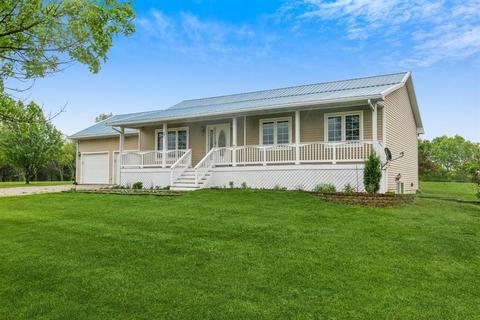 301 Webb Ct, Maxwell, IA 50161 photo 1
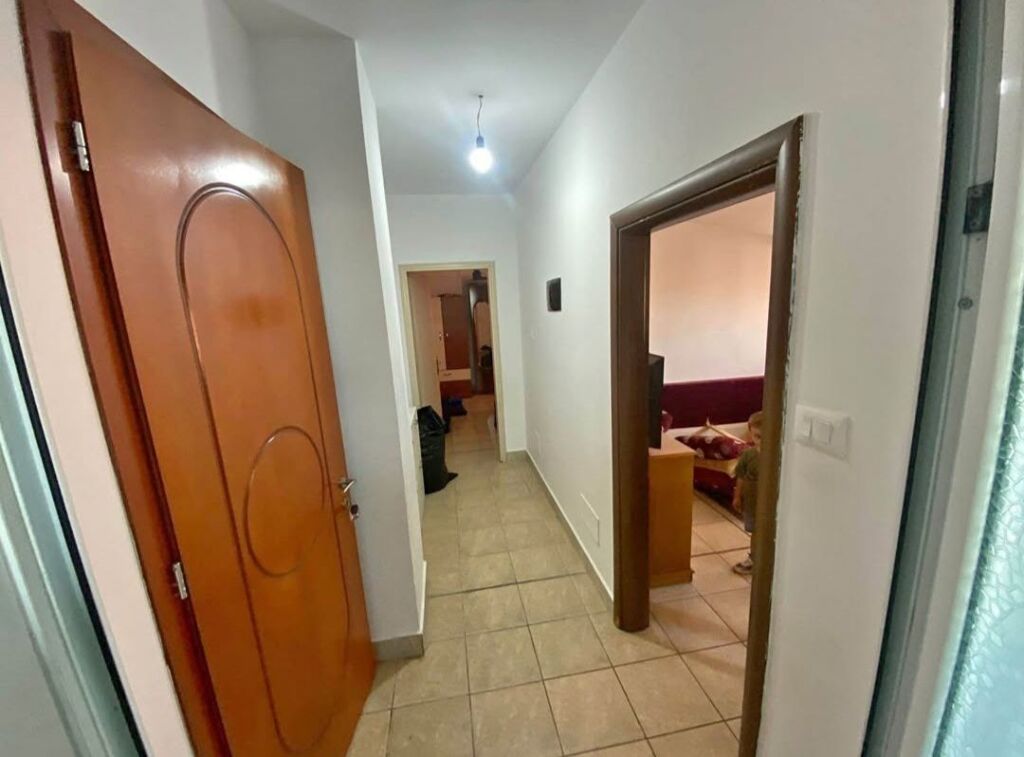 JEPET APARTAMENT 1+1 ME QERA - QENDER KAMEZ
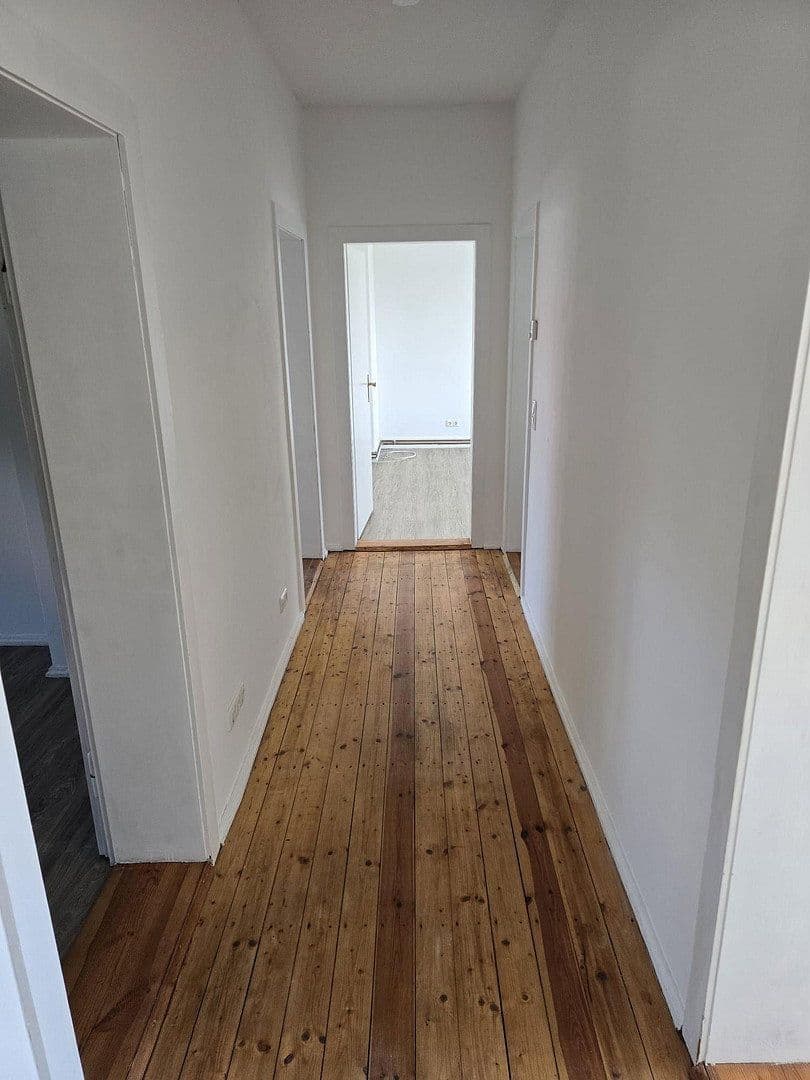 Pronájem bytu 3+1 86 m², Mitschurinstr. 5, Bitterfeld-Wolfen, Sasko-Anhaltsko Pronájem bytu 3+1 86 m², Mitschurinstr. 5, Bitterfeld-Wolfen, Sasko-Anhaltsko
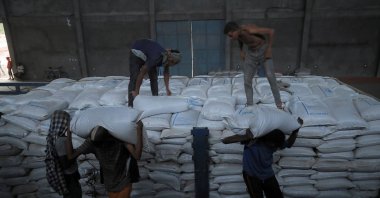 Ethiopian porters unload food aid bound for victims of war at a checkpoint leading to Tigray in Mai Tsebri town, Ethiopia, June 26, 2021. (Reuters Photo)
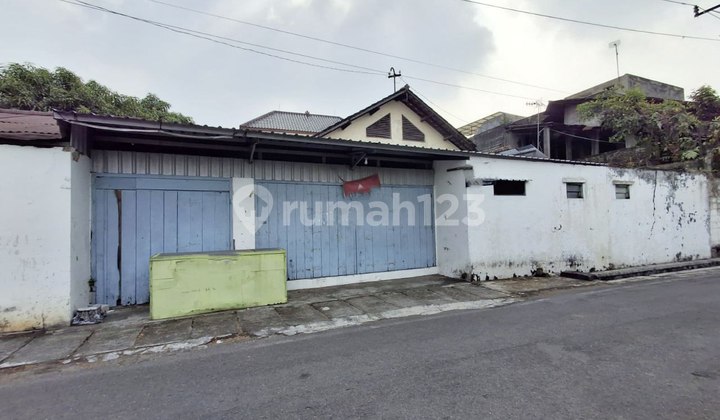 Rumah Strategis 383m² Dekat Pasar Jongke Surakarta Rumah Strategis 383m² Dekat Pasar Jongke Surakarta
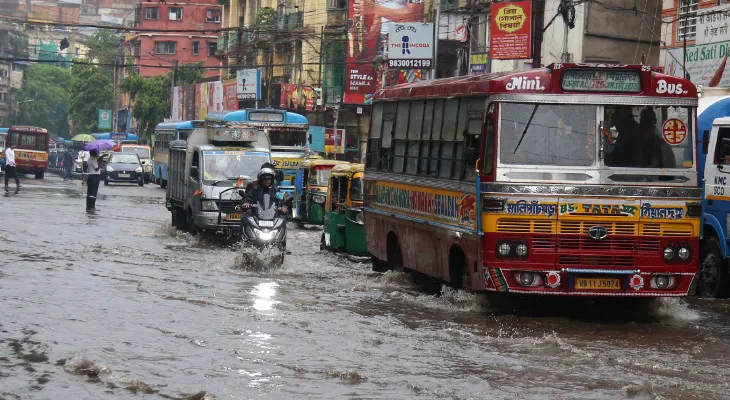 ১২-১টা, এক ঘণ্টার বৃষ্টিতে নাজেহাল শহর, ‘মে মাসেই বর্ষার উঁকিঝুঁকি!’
--
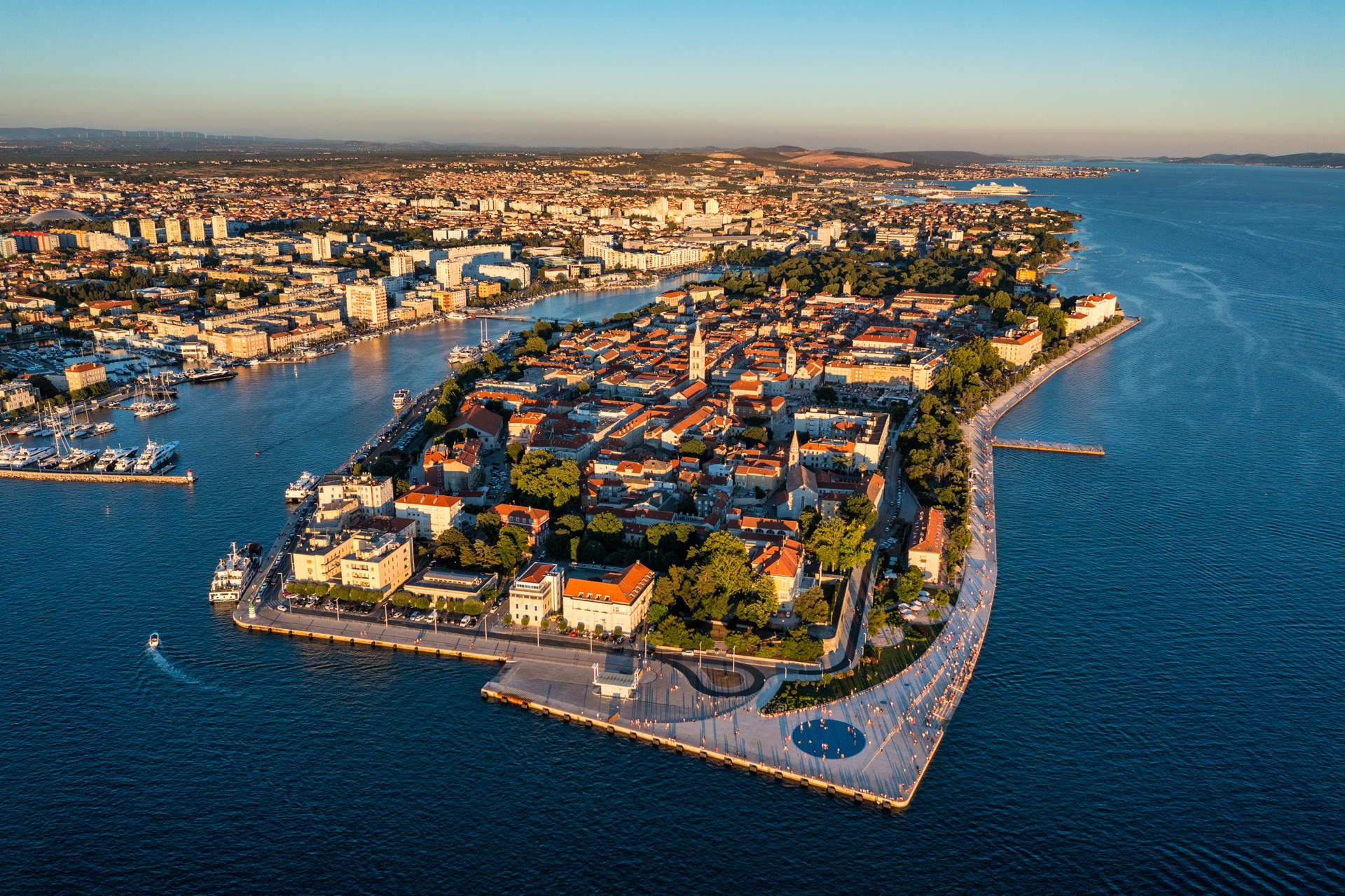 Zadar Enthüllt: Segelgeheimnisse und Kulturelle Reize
...
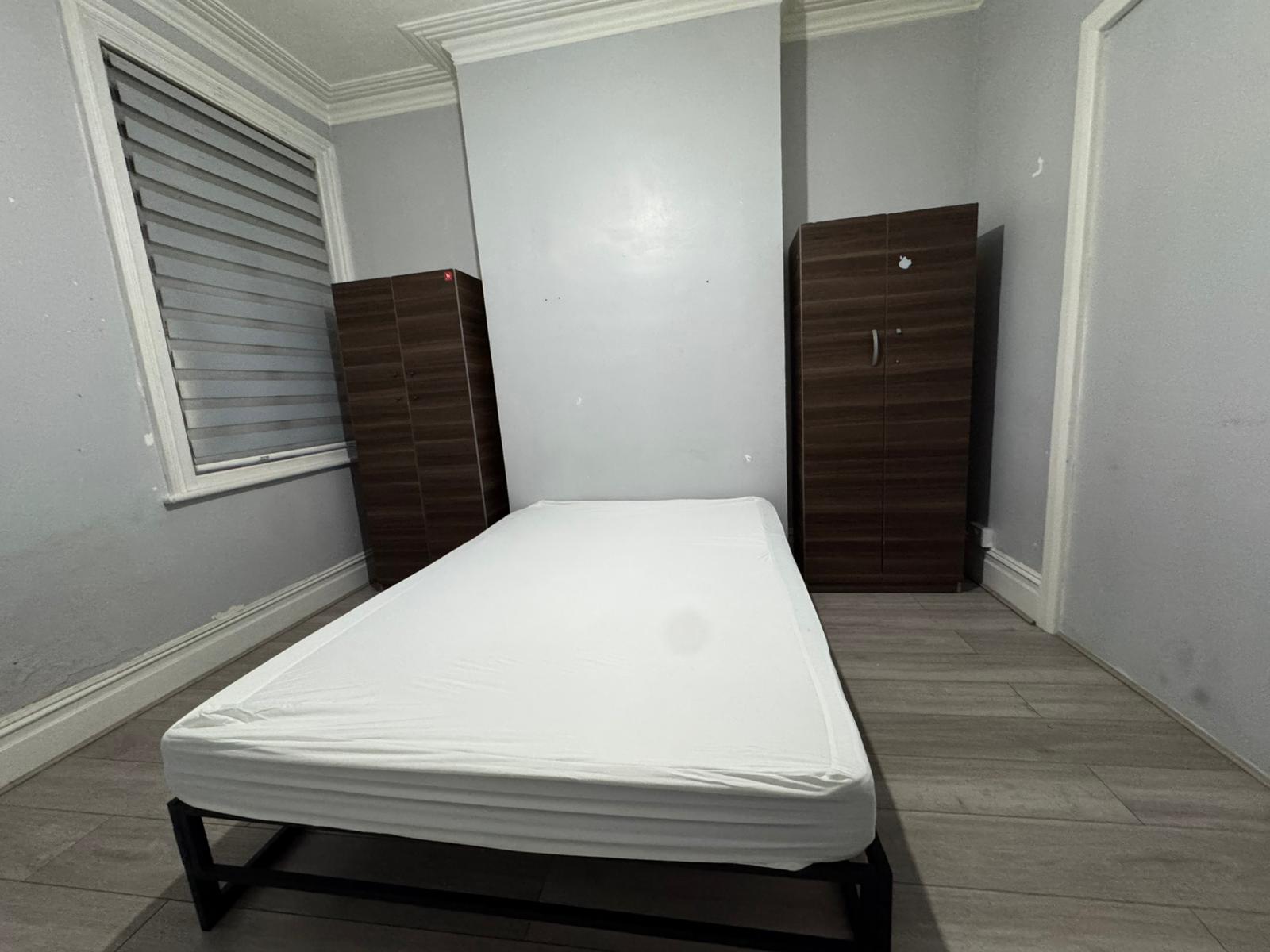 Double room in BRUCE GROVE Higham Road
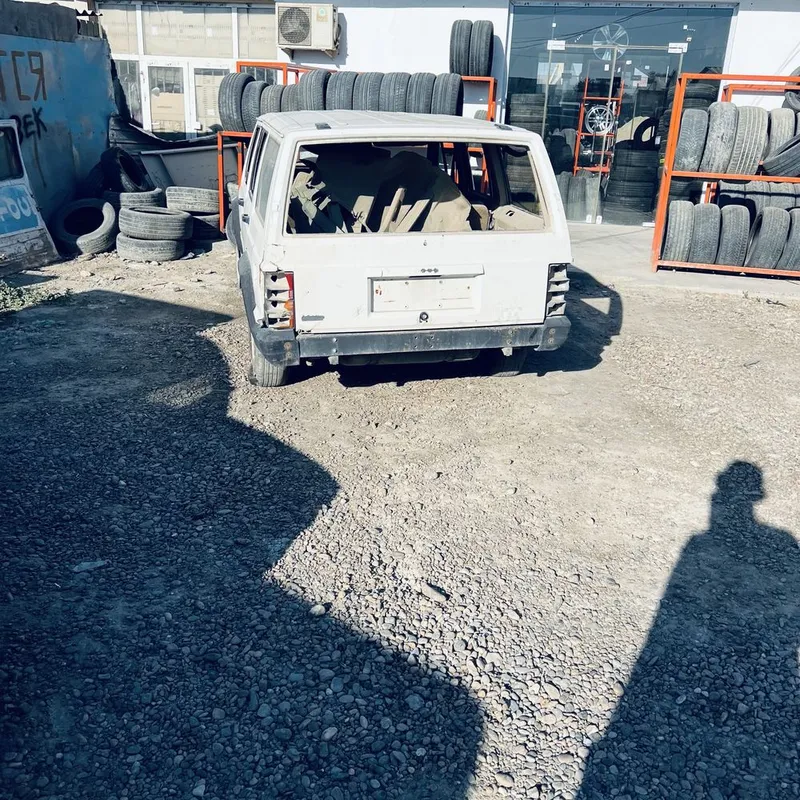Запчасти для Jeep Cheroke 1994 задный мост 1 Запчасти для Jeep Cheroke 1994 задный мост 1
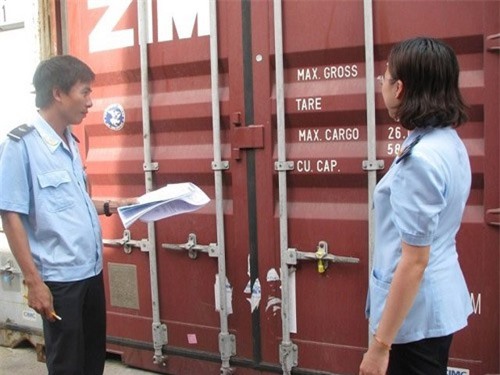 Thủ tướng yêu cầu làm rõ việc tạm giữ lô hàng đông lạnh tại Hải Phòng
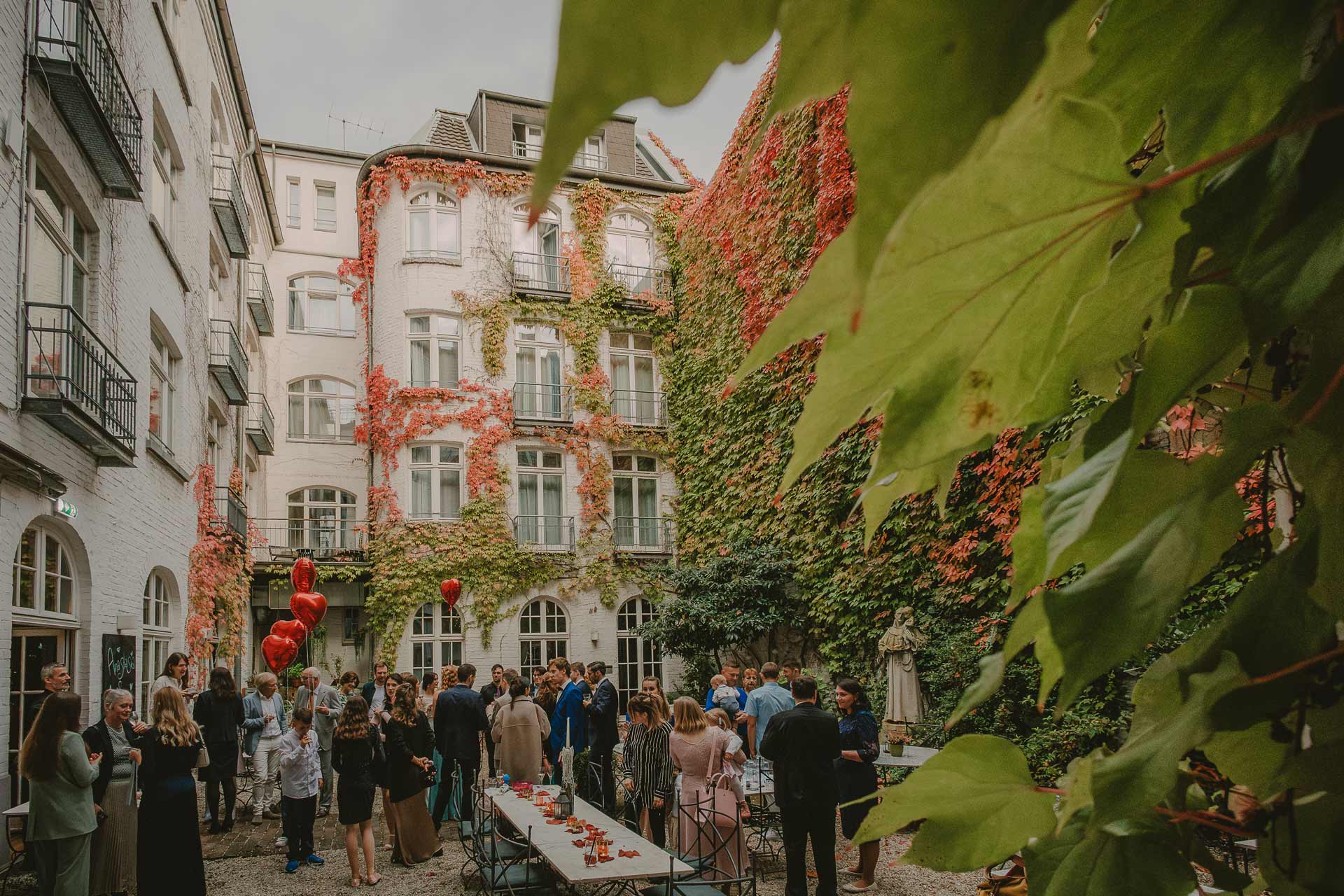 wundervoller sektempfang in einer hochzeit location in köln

**Exercise description**.
Transcribe the lines above exactly, beginning at the one with "301 Webb Ct, Maxwell, IA 50161 photo 1" and ending at the one with "১২-১টা, এক ঘণ্টার". Include both; exclude the pictures.

**Finished task**.
 301 Webb Ct, Maxwell, IA 50161 photo 1
 JEPET APARTAMENT 1+1 ME QERA - QENDER KAMEZ
 Pronájem bytu 3+1 86 m², Mitschurinstr. 5, Bitterfeld-Wolfen, Sasko-Anhaltsko Pronájem bytu 3+1 86 m², Mitschurinstr. 5, Bitterfeld-Wolfen, Sasko-Anhaltsko
 Ethiopian porters unload food aid bound for victims of war at a checkpoint leading to Tigray in Mai Tsebri town, Ethiopia, June 26, 2021. (Reuters Photo)
 Rumah Strategis 383m² Dekat Pasar Jongke Surakarta Rumah Strategis 383m² Dekat Pasar Jongke Surakarta
 ১২-১টা, এক ঘণ্টার বৃষ্টিতে নাজেহাল শহর, ‘মে মাসেই বর্ষার উঁকিঝুঁকি!’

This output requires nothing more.